Beginning with the line that holds "595х19 мм Панель", write out each line exactly as it stands until the end of the data, and include no pictures.

+++ Information provided +++

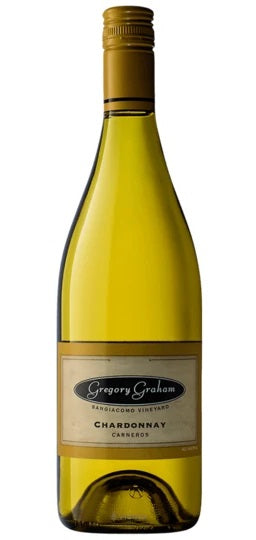 Gregory Graham 2022 Sangiacomo Vineyard Chardonnay, Carneros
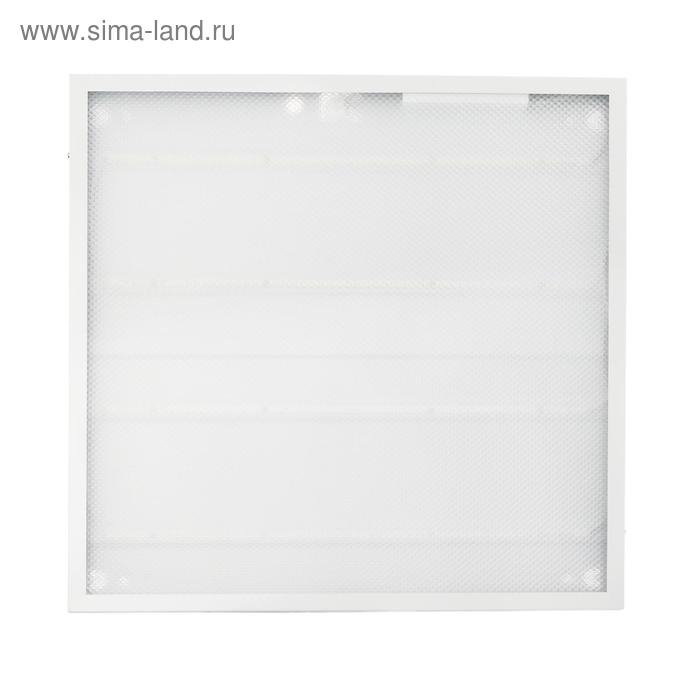 Панель светодиодная IN HOME LPU-02, 75 Вт, 7125 Лм, 4000 К, IP40, 230 В, 595х19 мм Панель светодиодная IN HOME LPU-02, 75 Вт, 7125 Лм, 4000 К, IP40, 230 В, 595х19 мм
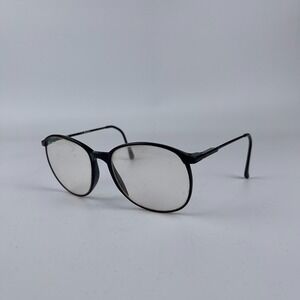 Marchon MOD-CFG-4 COL.31 Unisex Eyeglasses Frame Black Full‎ Rim 57-13-140 mm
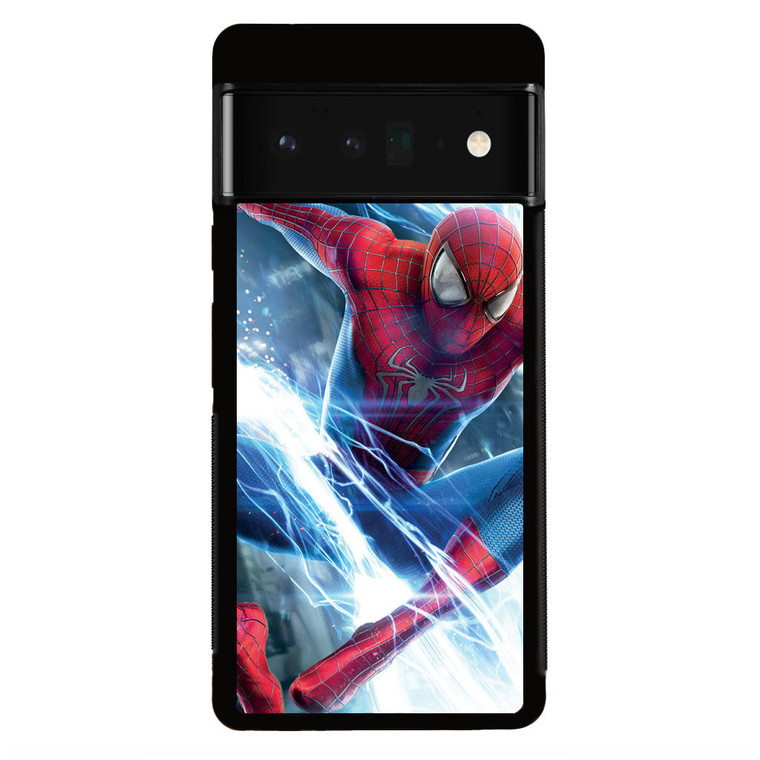 Spiderman The Amazing Google Pixel 6 Pro Case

+++

§ **Result for this task**:
 Панель светодиодная IN HOME LPU-02, 75 Вт, 7125 Лм, 4000 К, IP40, 230 В, 595х19 мм Панель светодиодная IN HOME LPU-02, 75 Вт, 7125 Лм, 4000 К, IP40, 230 В, 595х19 мм
 Marchon MOD-CFG-4 COL.31 Unisex Eyeglasses Frame Black Full‎ Rim 57-13-140 mm
 Spiderman The Amazing Google Pixel 6 Pro Case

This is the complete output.